I have two dataframes:

df1 is based on survey responses and includes a non-restricted field for users to add their location in the UK (or refuse to do so) formatted as so (not real data):

Name	Location
Alice	London/Liverpool
Bob	Manchester
Jim	No
David	I am based in Cardiff

I have another dataframe (df2) that is a single column list of UK cities and towns, like so:

city
Manchester
Cardiff
London
Brighton
Nottingham

What I want to do is write code that will:

Loop through df1
For each entry in the location column, scan df2 and if ANY of the cities in df2 are exactly replicated in df1, add a new column(s) to df 1 pulling out the first match like so:

Name	Location	Location_precise
Alice	London, or Brighton	London
Bob	Manchester	Manchester
Jim	No	-
David	I am based in Cardiff	Cardiff

I can then use the location_precise column for further analysis with standardised names. What's tripping me up with regular left_join/lapply functions is that I want to allow partial matching in one direction (if a city in df2 is partially contained in df1) but NOT in the other direction (if an answer in df1$location is part of a city in df2, e.g. 'no' and 'nottingham' in the above example.

I don't know how to adapt regular dplyr functions to this because there is no common identifier in the two datasets - and therefore every join attempt ends in various errors. I am otherwise completely at my wits' end; I have tried using grep:

df1$location_precise <- lapply(df1$Location, grep, df2$city,value=T)

But this doesn't pick up partial matches without whitespace, like 'London/Glasgow'

I've also tried agrep, but this falsely identifies partial matches, like 'No' = 'Nottingham', and still doesn't pick up many other partial matches

Solution

Always remember to place a reproducible example.

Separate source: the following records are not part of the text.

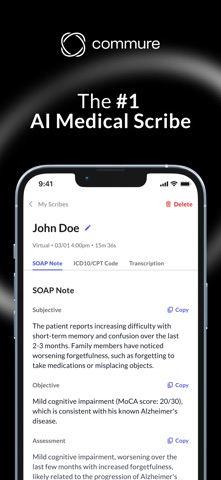Commure - AI Medical Scribe App Store screenshot 1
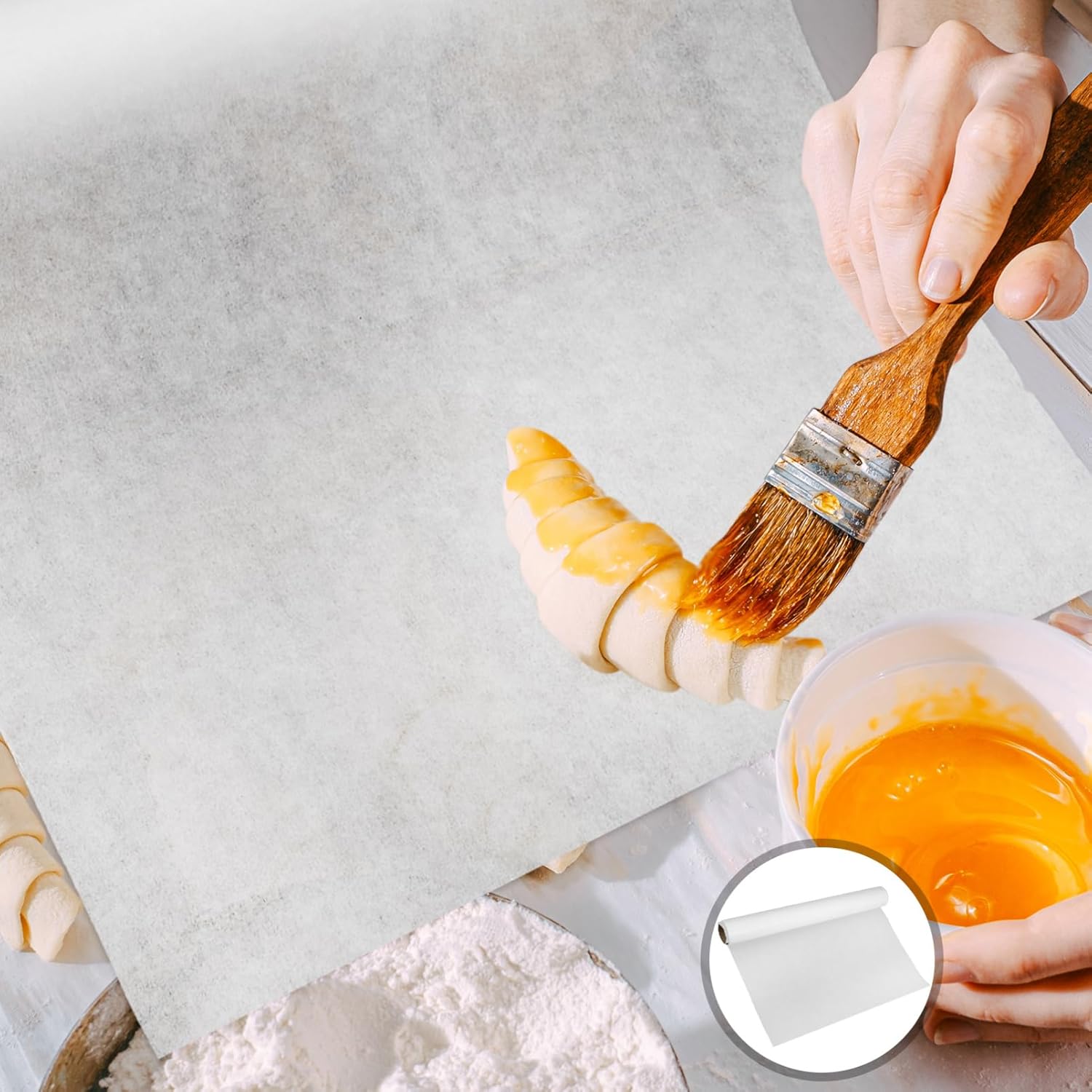 ABOOFAN Non-stick Unbleached Parchment Paper Roll - Ideal for Baking, Cooking, Grilling, Air Fryer, and Steaming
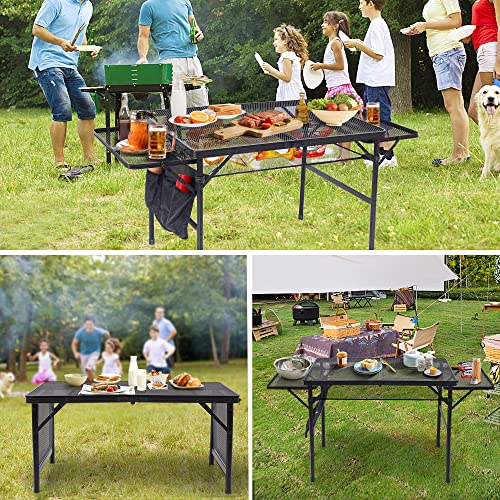 Nice C 4.4ft Metal Folding Camping Grill Table with Mesh & Storage - NC-XHGRILLTB-MESH4FT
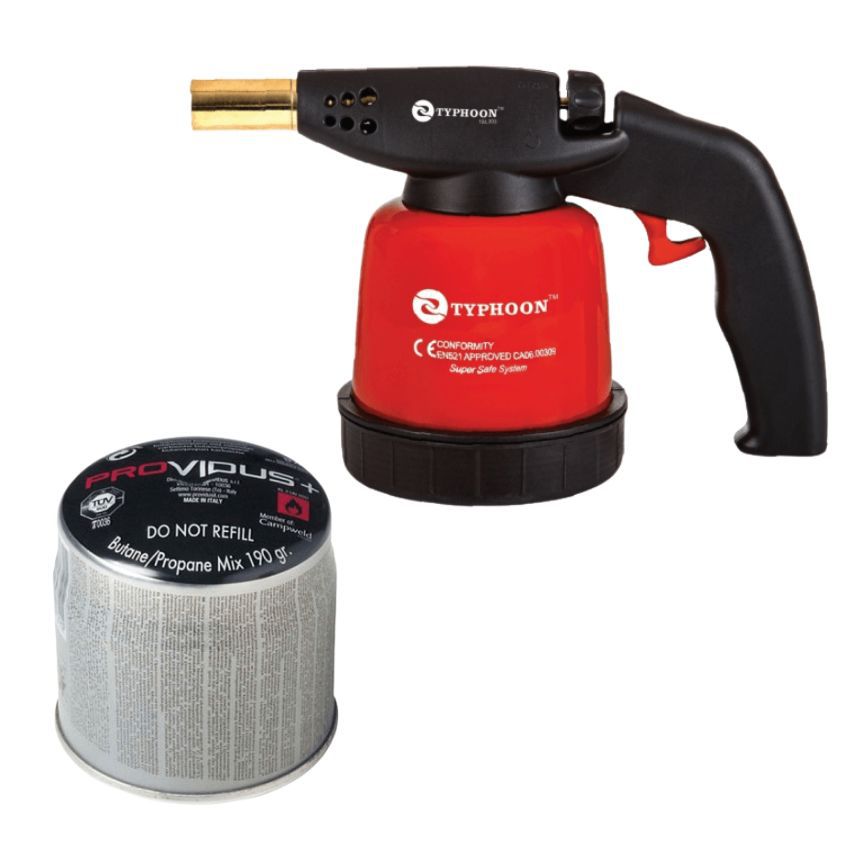 Typhoon – Gas Torch Automatic Piezo Start with Gas Cartridge Propane 190g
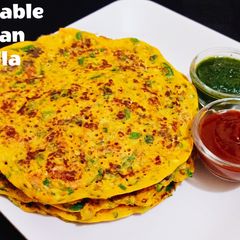 Vegetable besan Chilla।less oil recipe l Healthy recipes A picture of Vegetable besan Chilla।less oil recipe l Healthy recipes.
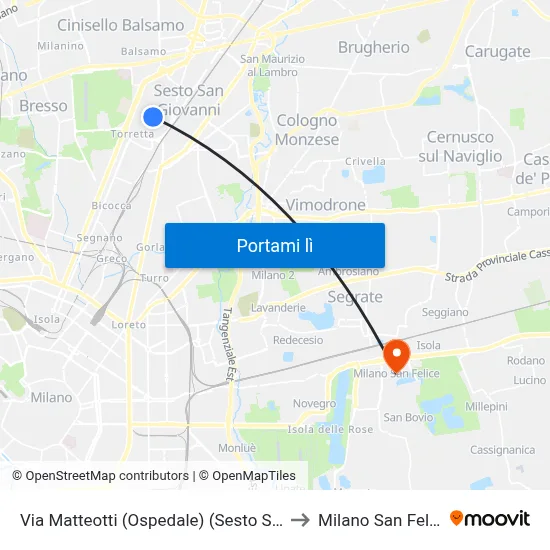Via Matteotti (Ospedale) (Sesto S. G.) to Milano San Felice map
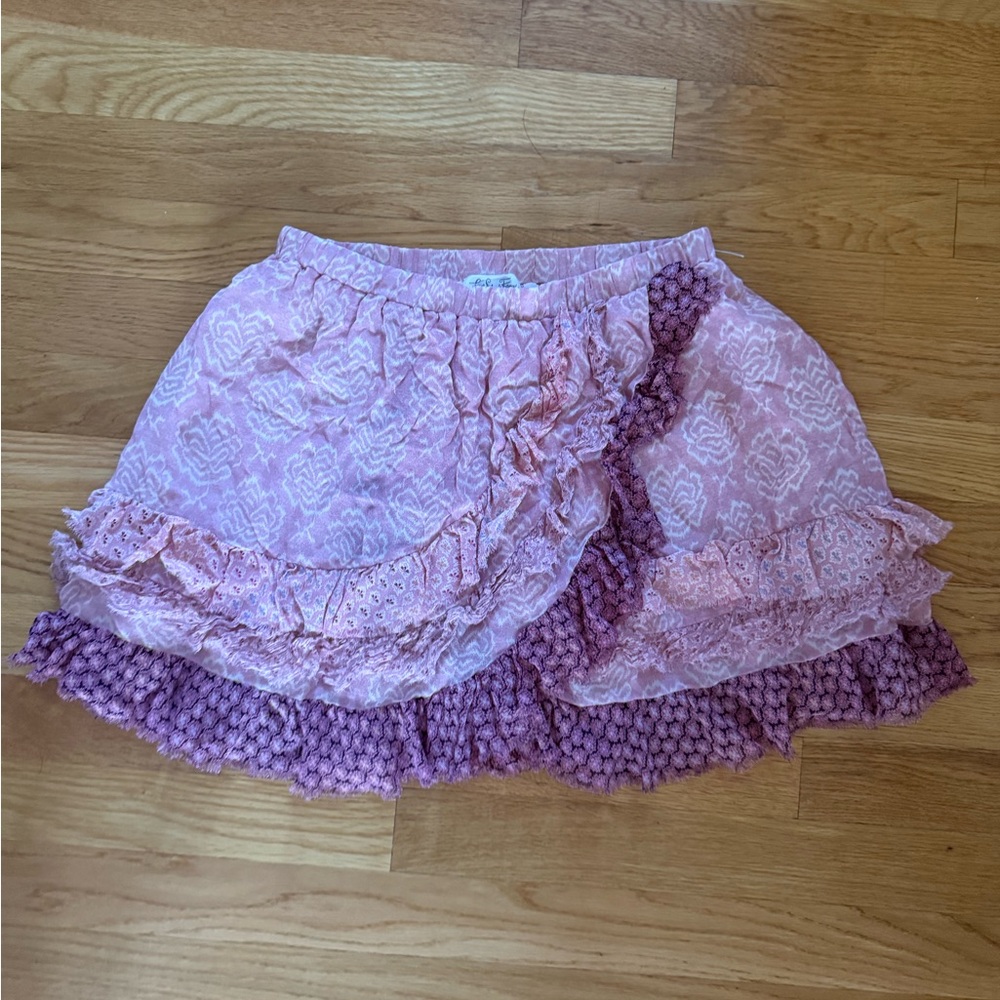 LoveShackFancy Pink Layered Ruffle Mini Skirt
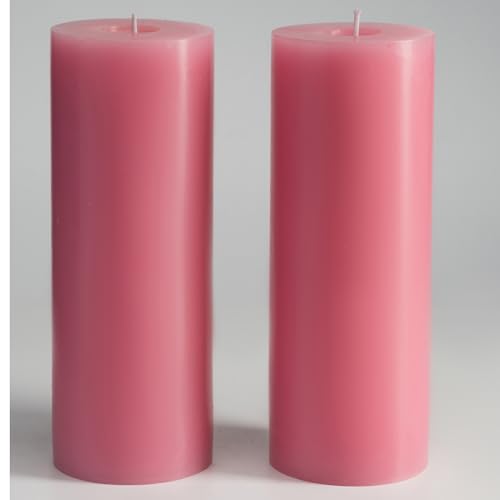 Memoward Stumpenkerzen Rosa,Kerzen Groß 2er Set,Lange Brenndauer ca.100+ Std,Saubere Verbrennung,Unparfümiert,für Haushalt,Feiern und Gastronomie Deko (7.5 x 20 cm-2er, Rosa) von Memoward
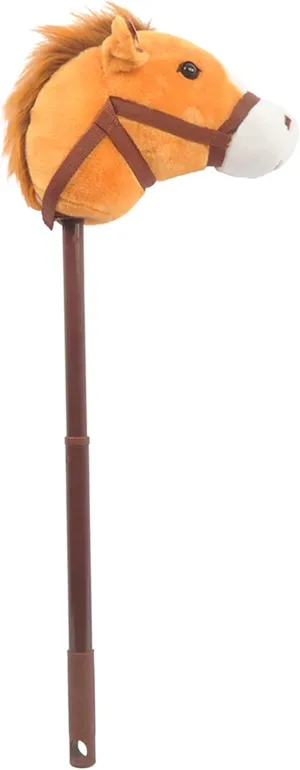 Linzy Plush Hobby Horse Stick Toy, Adjustable Telescopic Stick, Adjust to 3 Different Sizes, For Cowboy and Cowgirl of Different Ages, Light Brown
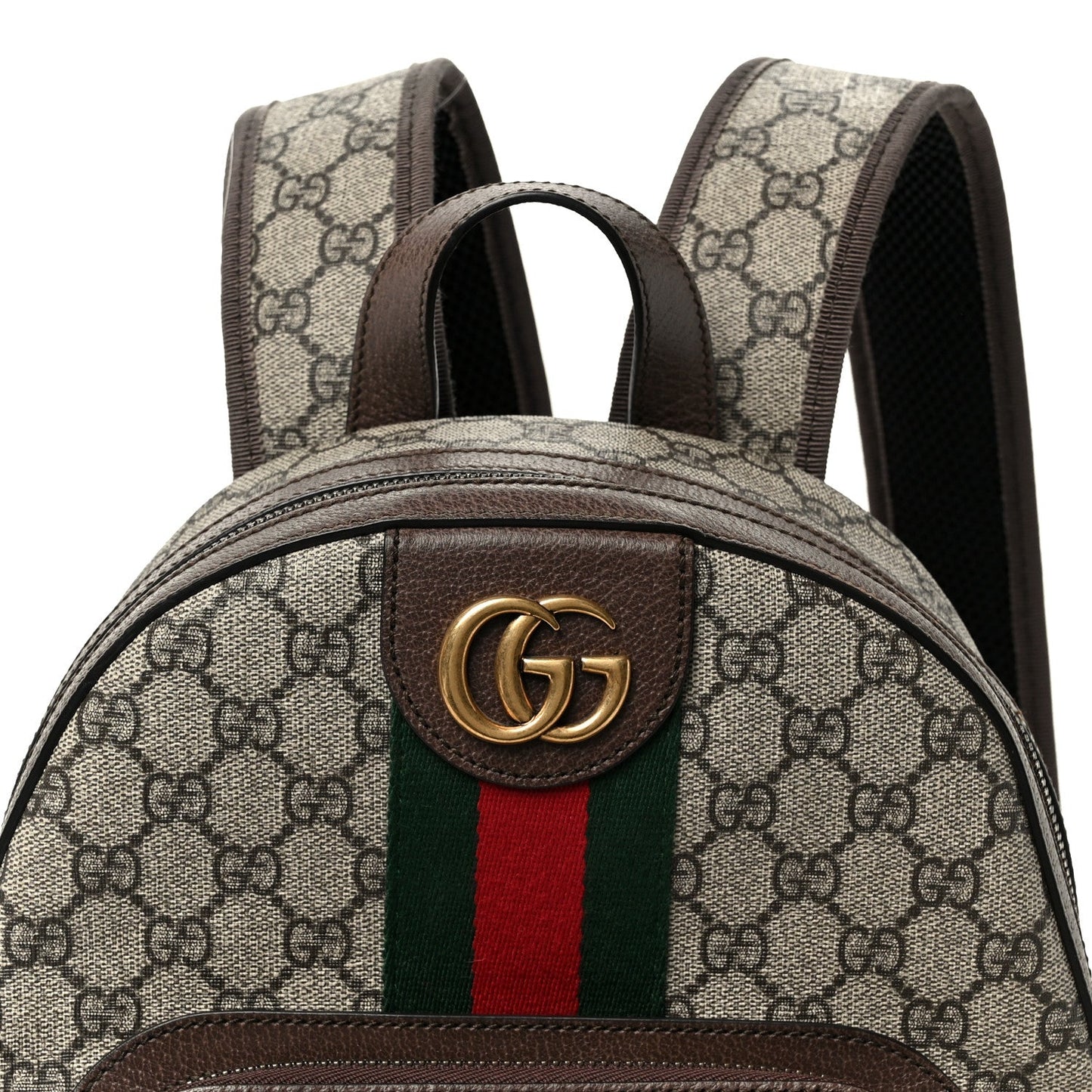 GG Supreme Monogram Calfskin Web Small Ophidia Day Backpack Beige Ebony New Acero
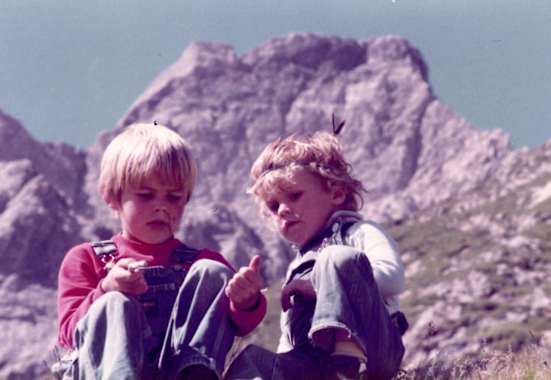 Christoph Schimpfössl als Kind vor der Paseierspitze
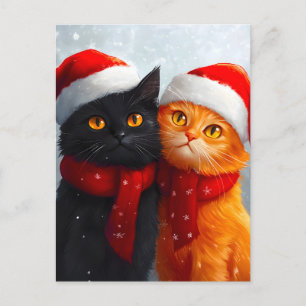 Postal De Anuncios Navidad Amor Invernal Gatuno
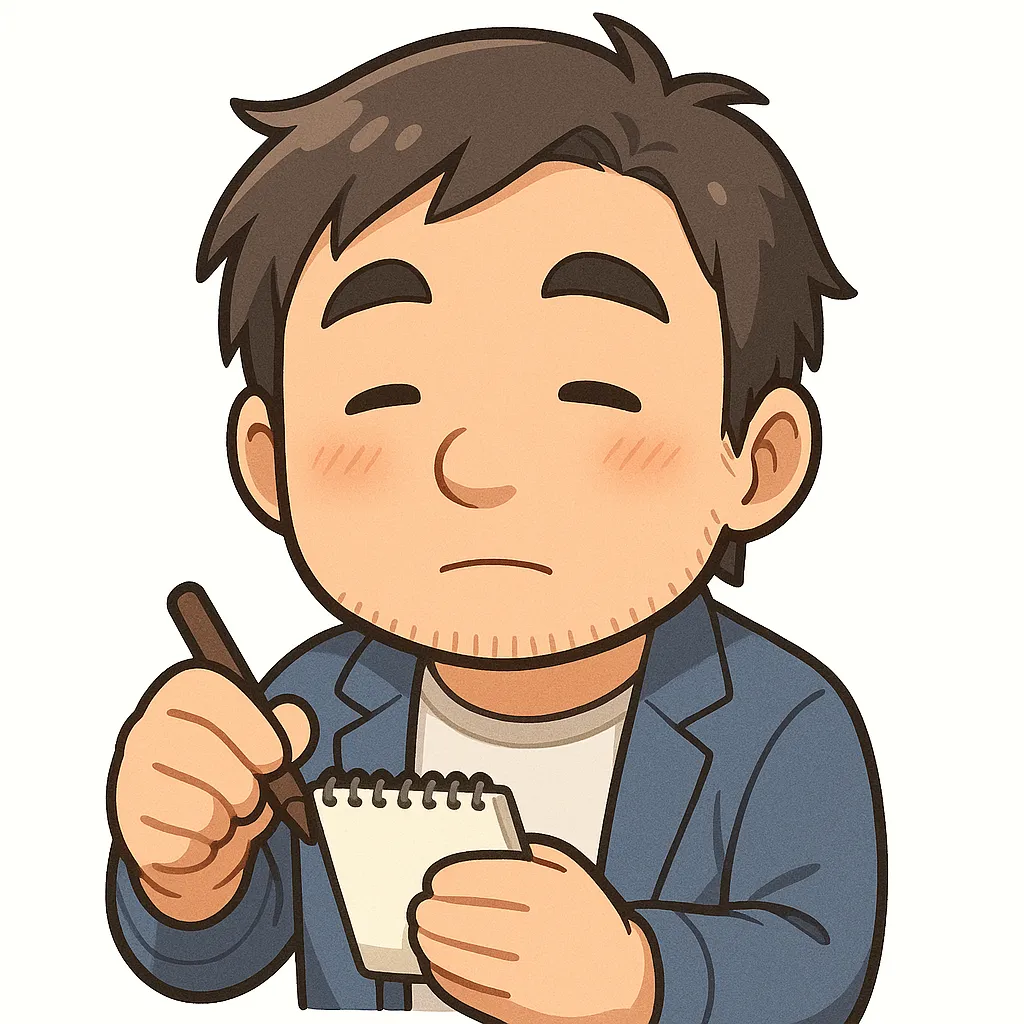 メモおじさん（´ー｀）｜メモを取るおじさんが淡々とした表情で描かれたモチーフ。落ち着きのある雰囲気が真面目さを引き立てます。参考：（´ー｀）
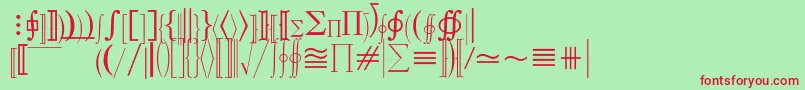 MathematicalPi3 Font – Red Fonts on Green Background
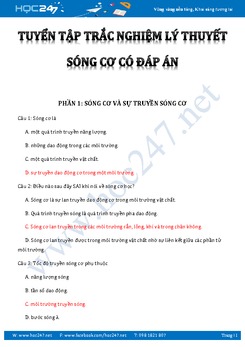 168 câu trắc nghiệm Lý thuyết Sóng cơ học Vật Lý 12 có đáp án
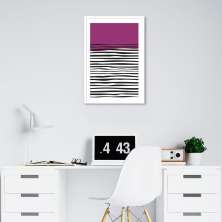 Quadro Linhas Abstratas 86x60 Caixa Branco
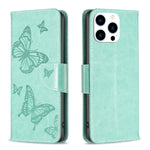 Custodia in pelle con farfalle per iPhone 15 Pro Max e Plus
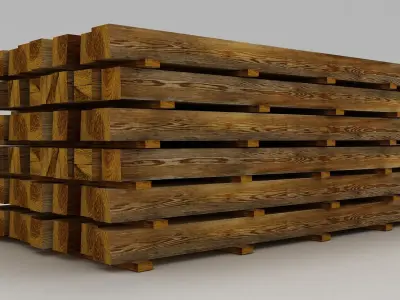 Wooden Bar Stack 3D model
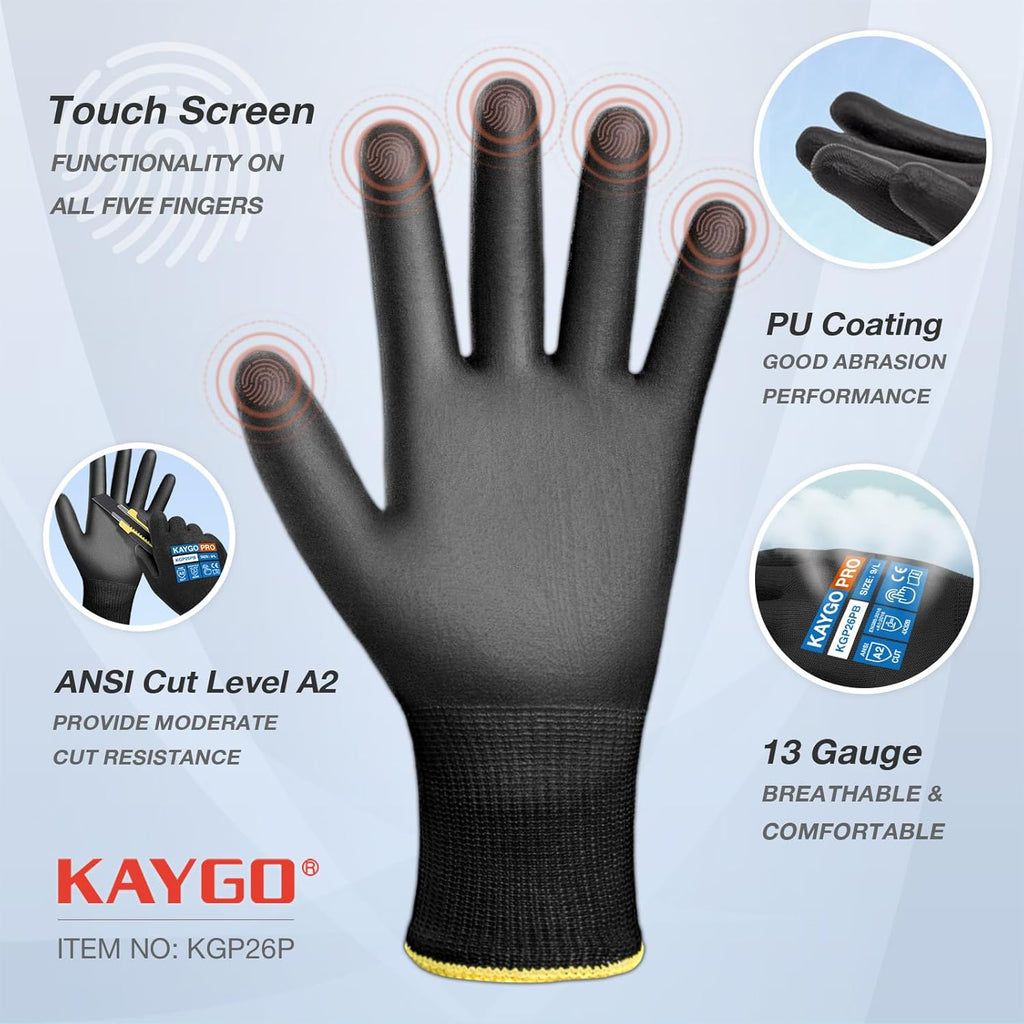 KAYGO Cut Resistant Gloves PU Coated, 12 Pairs Safety Work Gloves with full fingers Touchscreen, ANSI Cut Level A2, for Men and Women, Ideal for General Duty Work KG11P, Black,XL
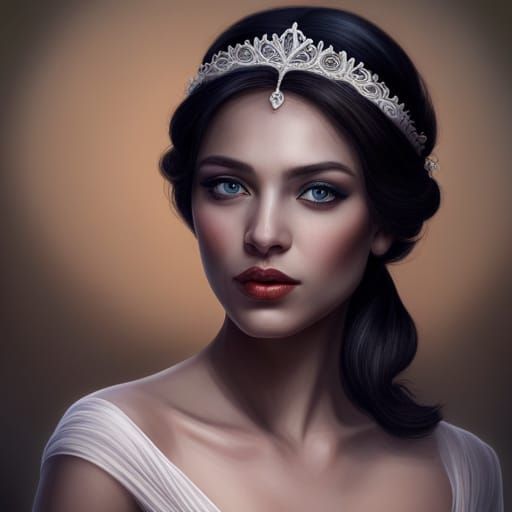 Ornate Portrait of a Beautiful Woman in Art Nouveau Style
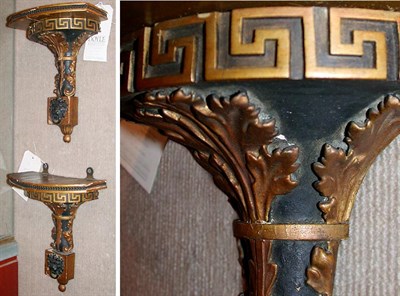 Lot 524 - Two Regency Style Painted and Parcel Gilt Wall...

I have taken your tables (df1 and df2) and added an extra case to both:

df1 <- data.frame(Name = LETTERS[1:6], 
                  Location = c("London/Liverpool", 
                               "London/Glasgow",
                               "I born in Manchester",
                               "I am from Chester",
                               "No",
                               "I am based in Cardiff"))

df2 <- data.frame(city = c("Manchester",
                           "Cardiff",
                           "London",
                           "Chester",
                           "Glasgow",
                           "Brighton",
                           "Nottingham"))


df1$Location_precise <- strsplit(x = df1$Location, split = "[[:punct:]]|[[:space:]]") |> 
  
  lapply(FUN = \(locations, patterns){
    
    sapply(X = locations, FUN = \(loc){
      patterns[sapply(X = sprintf("^%s$", patterns), 
                      FUN = grepl, x = loc, ignore.case = TRUE)]  
    })
  }, patterns = df2$city) |> 
  
  lapply(FUN = unlist) |> 
  
  sapply(FUN = \(x) if(length(x) == 0) "-" else if(length(x) == 1) x else if(length(x) > 1) paste(x, collapse = ", "))

The output:

> df1
  Name              Location Location_precise
1    A      London/Liverpool           London
2    B        London/Glasgow  London, Glasgow
3    C  I born in Manchester       Manchester
4    D     I am from Chester          Chester
5    E                    No                -
6    F I am based in Cardiff          Cardiff

It may not be the most elegant example, but you could try it and we'll refine it. For cases where there is more than one match, I have it show all matches and separate them with commas.

UPDATE: I have extended the steps and this time it is now able to identify complete words. However, when I talk about identifying complete words, I mean that the script now cuts and searches in each word of each element of df1$Location. For this you must keep in mind that 1) a (complete) word is defined as a set of characters contained either between two blanks or between two punctuation marks (check what characters are included in [:space:] and [:punct:] in this link), 2) because of the above, if there is a Man-chester, Man,chester, Man/chester, etc., the script will assign Chester to it and 3) this is computationally somewhat more expensive (because the search is done word by word), so if you plan to apply it over millions of values it may be slow.